Wednesday, December 3, 2008


“Is Art an Industry or a Luxury”
The Wall Street Journal
by Daniel Grant

Sens. Pete Domenici (R., N.M.) and Charles Schumer (D., N.Y.) have co-sponsored legislation, endorsed by both Christie's and Sotheby's auction houses and the Art Dealers Association of America, to equalize the tax treatment of capital assets. This will be their third try. Why, so far, have they not persuaded their congressional colleagues, and why have two other bills affecting art collectors and museums run into similar resistance?

Grant says that that it is because it defies standard economic practice or public policy, or both. It makes sense only if one believes that art is just one more and equally important investment realm. The government wants people to invest in businesses or the housing market, entrepreneurship, places where the money is more productive.
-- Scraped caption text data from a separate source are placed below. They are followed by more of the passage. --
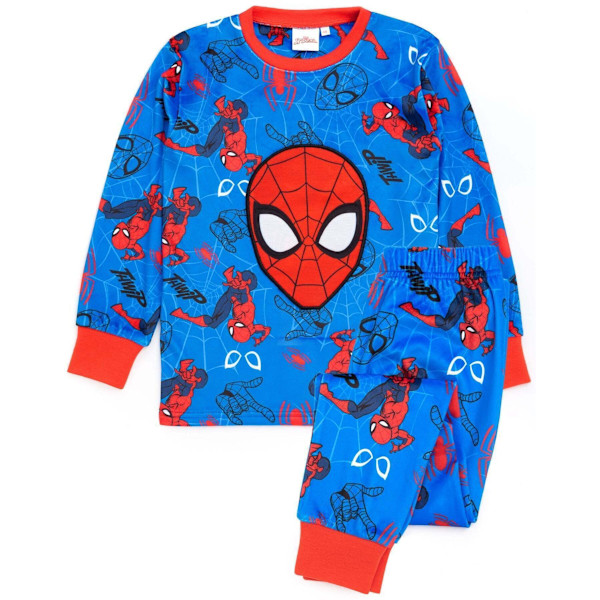 Spider-Man Barn/Barn Fleece Lång Pyjamas Set 4-5 År Blå Blue/Red 4-5 Years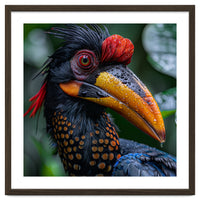 Close Up Of Helmeted Hornbill Bird In Rain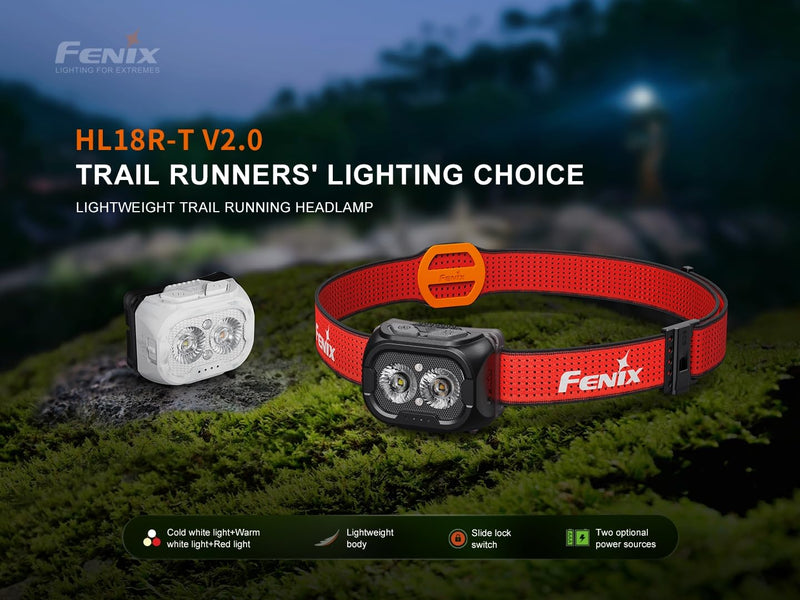 Fenix HL18R-T V2 USB Rechargeable 800 Lumen LED Jogging/Trail Running headlamp with EdisonBright USB Charging Cable Bundle - BeesActive Australia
Tyler Cowen at Marginal Revolution disagrees . . .

"Buying art shifts money from one set of hands to another and it doesn't discourage investment in factories or elsewhere. (And if it did, investing in houses would involve the same problem, I might add.) The recipient of the money, the art seller, can invest the money just as well as the spender might have. Or in other words, the transfer of the arts doesn't consume much in the way of real resources. Admittedly there is a second-order effect: higher prices diverts more labor energy into the arts, although for Old Masters this effect is very small. Or you might cite shipping and transfer costs for the art, noting that on that logic we should tax shopping carts at higher rates as well.

There is a good argument for the higher tax rate on art, namely that art yields otherwise non-taxable pleasures -- the pleasure of hanging it on your wall -- unlike say holding Chrysler stock. Or you might think taxing art is another way to hike the tax burden on the rich. But the cited argument just doesn't fly."